Chris Sloan and his wife, Carla, were away from home, visiting friends in Miami Beach, when their son died. Calder was home with his younger brother Caleb, 5, his nanny of almost four years, and her 22-year-old son, Gary. Gary and Calder were in the pool when Gary felt a shock, leaped out and screamed for Calder to do the same.

Calder was underwater and apparently didn’t hear him.

Neighbors raced to the home and performed CPR before Miami-Dade paramedics took over. Carla Sloan received a phone call at her friend’s house and ran outside, her husband following right behind.

“I went after her. I heard her scream, ‘Is Calder dead?’ ” The family raced to Jackson North Medical Center, but they were too late.

At least two other similar tragedies in South Florida involving faulty wiring led to electrocutions of students. In 1998, 12-year-old Jorge Cabrera died at a bus shelter in Westchester, and in 2000, high school freshman Garrett Zaslow, 14, died at an Aventura tennis court.

Jorge sneaked out of his home after his mom punished him for not doing homework and said her son couldn’t watch the Miami Dolphins on Monday Night Football. He was electrocuted by a live wire at a bus bench while on his way to a friend’s home to watch the game.

Garrett touched a receptacle box at the base of a 22-foot-high pole on an outdoor gymnasium tennis court that was determined to have a melted wire, and 400 volts raced through his body.

Now the Sloans are forced to concentrate on the burial of Calder, a sports-crazed kid who loved basketball, soccer, fishing and kayaking. The first-grader at Lehrman Community Day School in Miami Beach turned 7 last week. The family celebrated by taking Calder to a community soccer field in Midtown Miami.

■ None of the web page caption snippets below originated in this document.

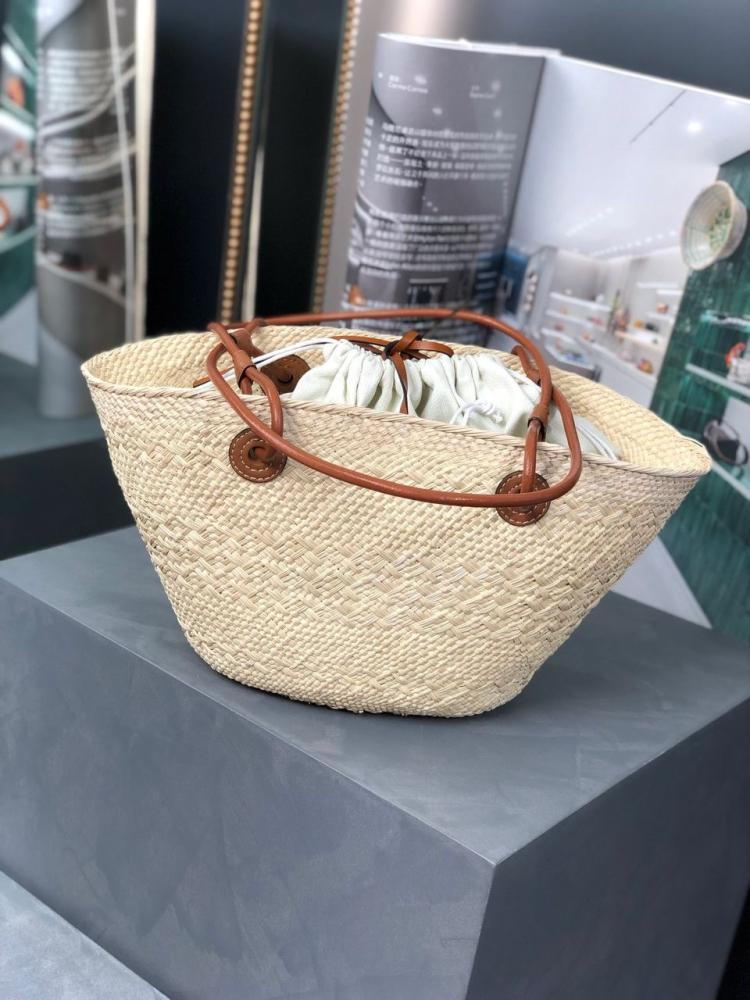 Loewe 34cm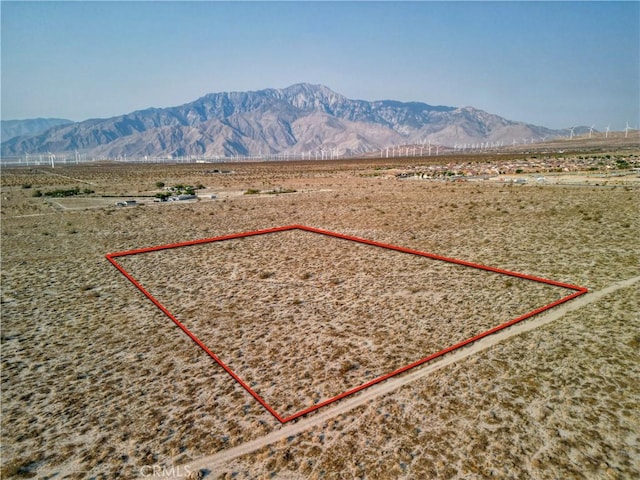 0 8th Ave, Desert Hot Springs, CA 92240 - photo 5
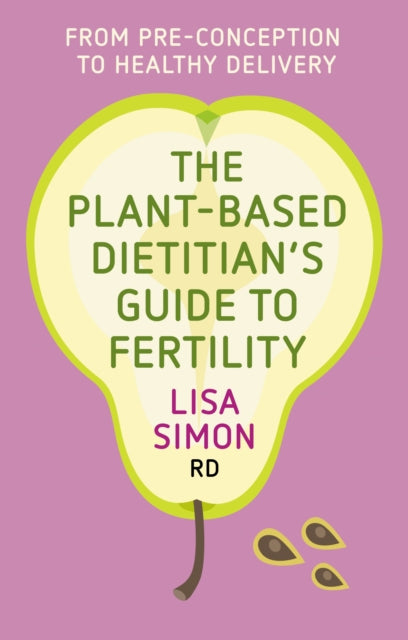 Plantbased Dietitians Guide To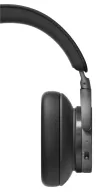 Beoplay H95 Czarny thumbnail (8 of 16)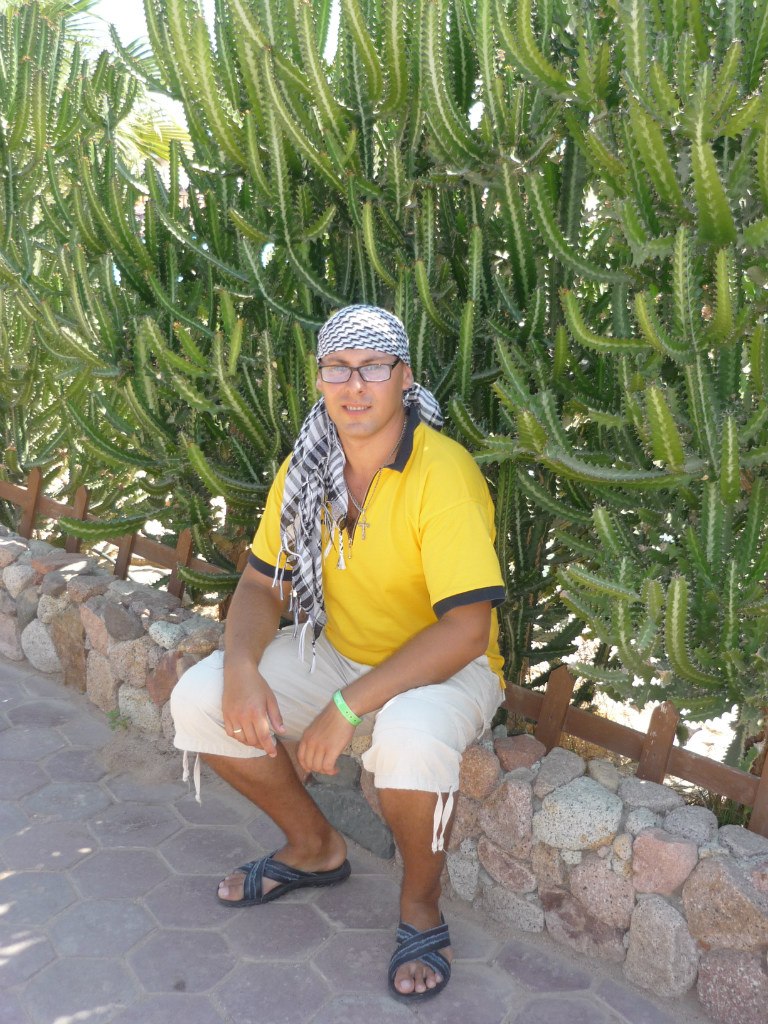 Ирина Салганюк | Киев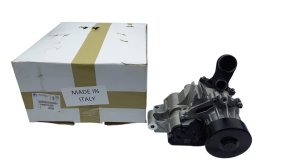 Water Pump YQ00978380 Opel Astra K/Insignia B 1.5CRDI Original New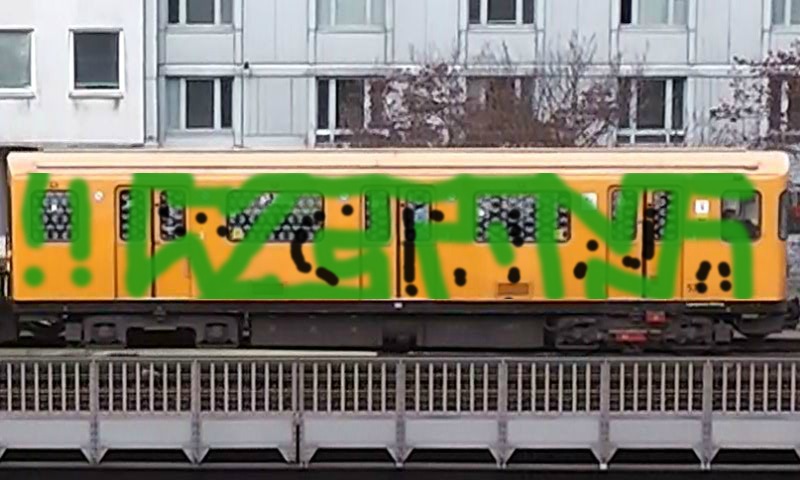 Bombing 1417941829327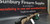 Ruger American Gen II Go Wild Camo 308WIN 22' MB AI 3 Shot Ex-Demo AX066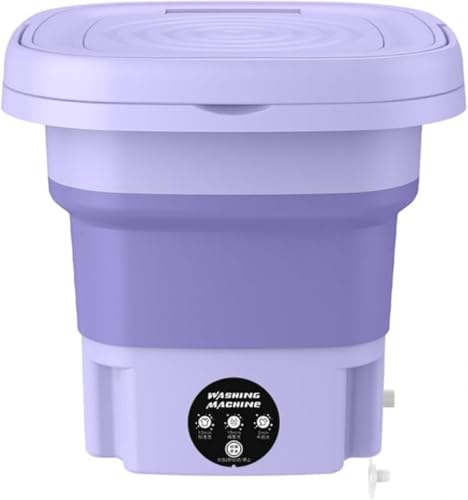 SLLS ~j@ 8L ܂肽ݎ E@\t XshC & rpCvt oPc//|[^u ߐߊ ֗[ ȃGlEߐEd oEEl炵ELvEsEItBXEEƒp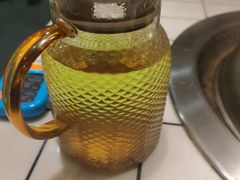 -小炉灶铁锅炖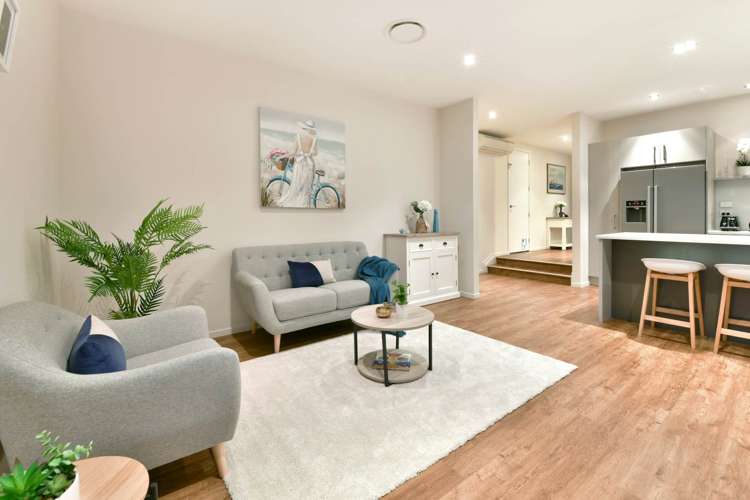 8 Bella Vista Drive Gulf Harbour_37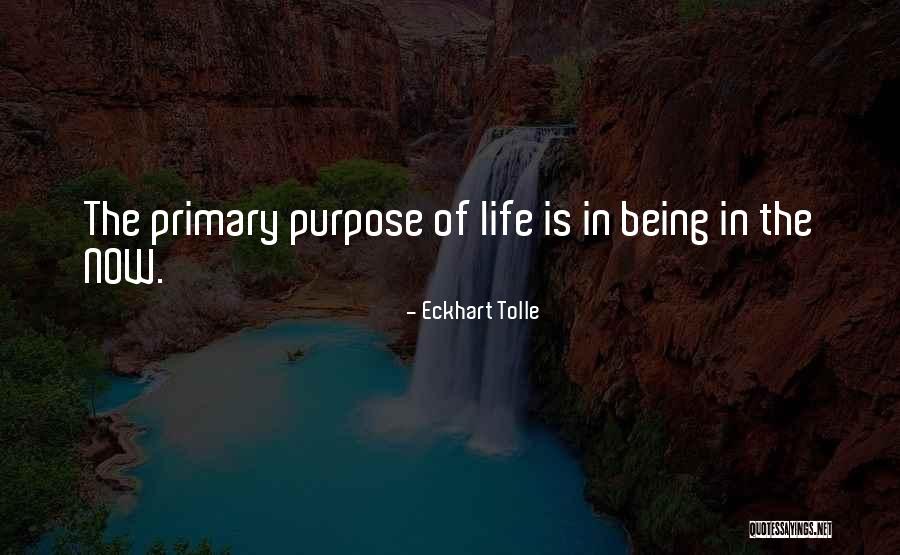 Grahmanns True Quotes By Eckhart Tolle Grahmanns True Quotes By Eckhart Tolle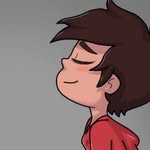 César Lobos - @erick.lobos_ - Instagram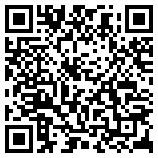 QR Code for Lerman Barry e DDS in Forest Hills, NY 11375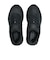 W880 9J8　W880 9J8(2E)　BLACK(9J8)　717639-0001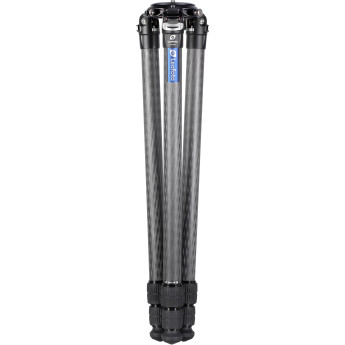 Chân máy ảnh Leofoto LM-323C (Chính Hãng)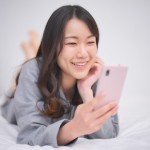 心的外傷後ストレス障害 (PTSD)はプロミスやアコム、アイフルで借入できる？障害者手帳はOK？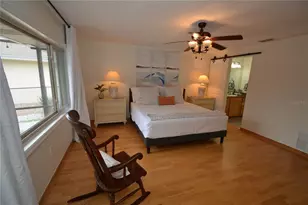 58 Comanche Ct, Palm Coast, FL 32137 - Photo 23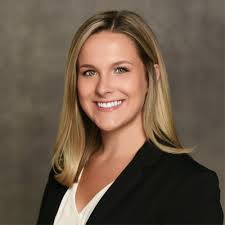 Monumental day for the Ray family and all of our Adaptas global employees. 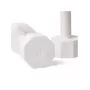 Set of 2 Dumbell KG. 2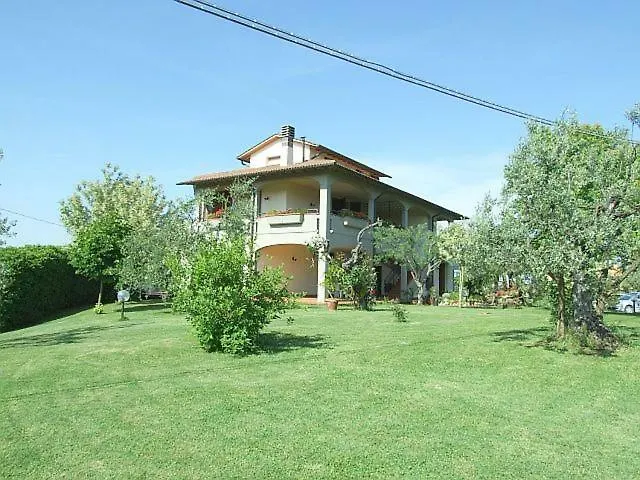 Agriturismo Arena - foto 6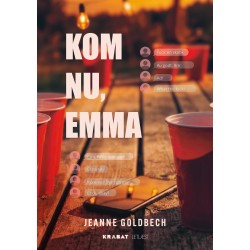 Kom nu, Emma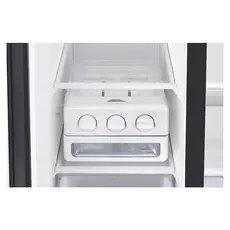 მაცივარი Samsung RS62R5031B4/WT, 5 image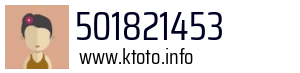 501821453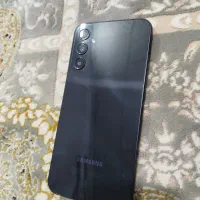 سامسونگ a24|موبایل|مشهد, خواجه ربیع|دیوار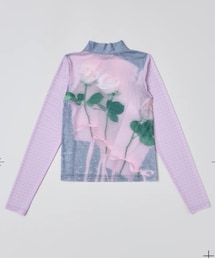 POPPY | Tシャツ/カットソー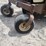 2020-grasshopper-725dt6-image-25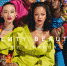 Fenty Beauty by Rihanna正式登陆天猫国际 - 新浪广东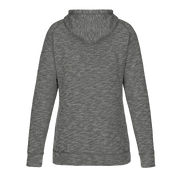 L00741 - Anaheim - Ladies Pullover Hooded Sweatshirt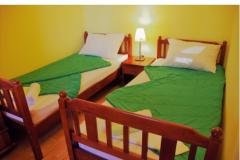 Villa Zaostrog Apartman 2 – Apartmán 2 foto 2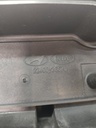 MTD-528053-1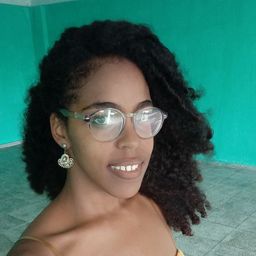 Daniela Verdecia avatar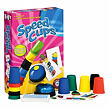 Piatnik Speed Cups (CZ,SK,HU,FR)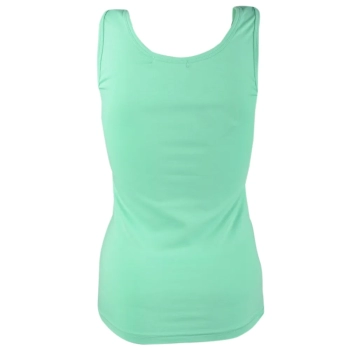 Sport & Moda / Топ Sport & Moda / Топ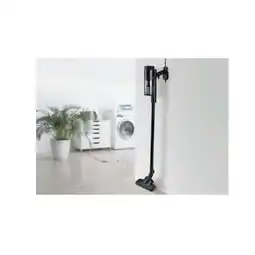 Netto Marken-Discount CLEANmaxx Zyklon-Handstaubsauger 600W schwarz/blau Angebot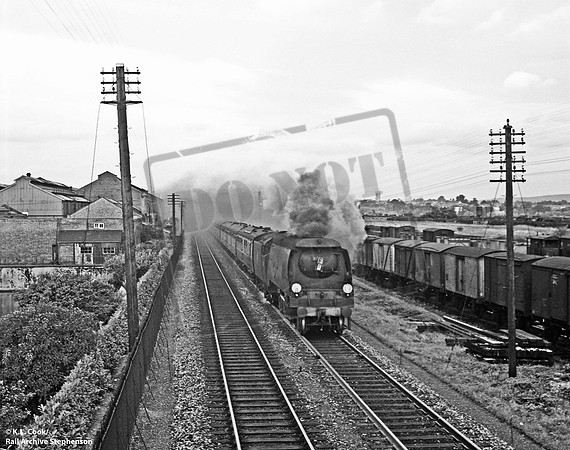 34086 1955-09-11 Ashford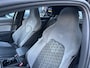 Volkswagen Golf 1.5 eTSI R-Line Bns Panoramadak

“He loves soccer. He made such a big impression. He was boundless with joy and energy,” his father said. “A Calder kiss would be the greatest day of your life. He was so sweet and untainted. There’s nothing to embellish here, it’s just who he was.”

The family took out a half-page ad in the Miami Herald to celebrate Calder’s life. In one picture, he wears a crown; in another, he’s surfing in Hawaii. Donations have been pouring in to the Calder Jacob Sloan Legacy Fund, and services for Calder will take place Friday at Temple Beth Sholom in Miami Beach.

On Thursday, Calder’s clothes still hung in his closet. A small tent was set up in his bedroom next to a beanbag. Little cut-out airplanes were glued to the walls.

“He was heaven-sent,” Chris Sloan said of his son. “I’m numb. It’s very hard to cry anymore. He was simply what he was. He was Mr. Awesome.”

Miami Herald staff writer Andres Viglucci contributed to this report.